The USA does not consent to Sims amending his 2255 Petition. Therefore, Sims may only amend his 2255 Petition with the Court's permission. The language of Rule 15(a)(2) commands the Court to freely grant permission to amend when justice requires. Colvin v. Caruso, 605 F.3d 282, 294 (6th Cir. 2010); Crawford v. Roane, 53 F.3d 750, 753 (6th Cir. 1995). Additionally, the Sixth Circuit has stated that Rule 15(a)(2) sets forth a "liberal policy of permitting amendments to insure the determination of claims on their merits." Marks v. Shell Oil Co., 830 F.2d 68, 69 (6th Cir. 1987). The Court's denial of a motion for leave to amend is reviewed for abuse of discretion. Coe v. Bell, 161 F.3d 320, 341 (6th Cir. 1998).

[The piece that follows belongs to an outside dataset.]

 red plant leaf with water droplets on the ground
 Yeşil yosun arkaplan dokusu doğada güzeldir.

In evaluating the interests of justice, the Court should consider several factors, including " [u]ndue delay in filing, lack of notice to the opposing party, bad faith by the moving party, repeated failure to cure deficiencies by previous amendments, undue prejudice to the opposing party, and futility of amendment." Coe, 161 F.3d at 341 (quoting Brooks v. Celeste, 39 F.3d 125, 130 (6th Cir. 1994)) (internal quotation marks omitted).

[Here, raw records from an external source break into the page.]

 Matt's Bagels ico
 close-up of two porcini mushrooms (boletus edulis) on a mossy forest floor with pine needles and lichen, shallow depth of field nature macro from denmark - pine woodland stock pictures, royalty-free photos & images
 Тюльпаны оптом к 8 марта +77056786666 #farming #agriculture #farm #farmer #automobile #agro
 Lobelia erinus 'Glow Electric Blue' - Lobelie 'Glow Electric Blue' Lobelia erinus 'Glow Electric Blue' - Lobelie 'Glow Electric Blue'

With respect to undue delay, the Court finds that Sims has delayed filing his Motion to Amend. Sims filed the present Motion to Amend on February 5, 2015, almost ten months after his 2255 Petition was filed, and about three months after the 2255 Petition became ripe for review. Nonetheless, the Sixth Circuit has found that undue delay alone is not sufficient to deny a motion to amend. Id. at 341-42. Furthermore, there is no evidence of bad faith on Sims's part. Nor does it appear there is a lack of notice to the USA. Sims asserts that he sent two letters to the USA, seeking its consent to the amendment of his 2255 Petition. (DN 464, p. 1.) Between the two letters - and the similarity of the issues raised in the Motion to Amend and the underlying 2255 Petition and accompanying briefs - the Court finds that the USA had reasonable notice of the issues raised in the Motion to Amend. Finally, the USA would likely not be unduly prejudiced by permitting Sims to amend his 2255 Petition. While the USA has an interest in seeing the matter resolved efficiently, unlike Sims, it is obviously not subject to incarceration.

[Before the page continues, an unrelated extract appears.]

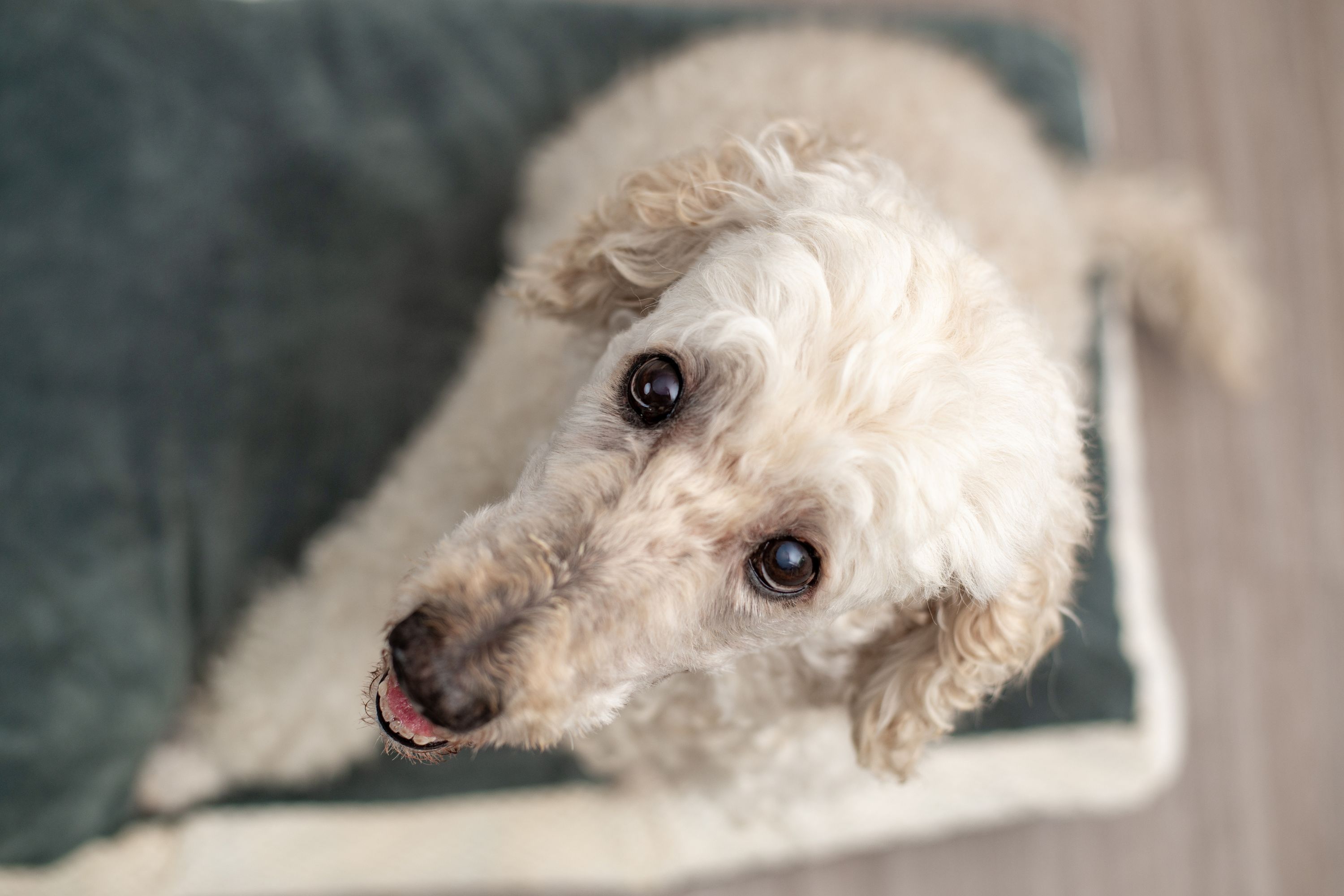 Dog Trained to Sit on Whistle Command Meets Smoke Detector, Hilarity Ensues - Vimarsana News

That being said, Sims has already received one opportunity to amend his 2255 Petition. (See DN 452 [order permitting Sims to supplement his 2255 petition via a reply]; DN 455 [Sims's reply/supplement to the 2255 Petition].) Sims has not justified the delay in seeking permission to once again amend his 2255 Petition other than to state, "It should be readily understandable why a pro-se petitioner who has absolutely no understanding in matters related to procedural law should file a petition that needs to be amended." (DN 464, p. 2.) Nor has Sims stated why he could not have included any necessary amendments in his reply (DN 455) filed on October 31, 2014.
Furthermore, the USA argues that Sims has not actually raised any new claims in his Motion to Amend. The Court agrees in part. First, Sims argues in the Motion to Amend that his counsel was ineffective because he failed to investigate why Special Agent Wenther's affidavit stated that the ten kilograms seized was headed to Atlanta and not Louisville. (DN 464, pp. 2-4.) Sims has already addressed this issue in the 2255 Petition and supporting briefs. Specifically, in the memorandum supporting his 2255 Petition, Sims claimed that the affidavit of Special Agent Wenther contradicted the testimony of other agents and trial witnesses. (DN 431, pp. 27-32.) Therefore, Sims argued that counsel should have "investigated where the affidavits came from, or who testified to the affidavits." (Id. at 28.) Additionally, Sims argued that, had counsel properly investigated, he would have had to subpoena Special Agent Wenther as to where Parson was going with the ten kilograms of cocaine. (Id. at 29.) Finally, Sims argued that, had counsel investigated properly, he could have been able to impeach three key government witnesses. (Id. at 30.) In the reply in support of his 2255 Petition, Sims also argued that his counsel failed to "investigate the DEA agents whose affidavits stated that the government witness was headed to Atlanta with 10 kilograms when he was stopped by police." (DN 455, p. 15.) The USA addressed this argument in its response to the 2255 Petition. (See, e.g., DN 446, pp. 8-9 ["Sims's second allegation is that Judah failed to investigate affidavits from Special Agents Scott Wenther and Brian Bester."]) While Sims's arguments in the 2255 Petition and supporting briefs are disjointed, his point is clear - he is claiming his trial attorney should have investigated the facts set forth in Special Agent Wenther's affidavit. Consequently, the Court agrees that Sims has already asserted an ineffective assistance of counsel claim on this basis in his 2255 Petition and supporting briefs. Therefore, the Motion to Amend should be denied as moot to the extent it seeks to add an ineffective assistance of counsel claim based on this theory.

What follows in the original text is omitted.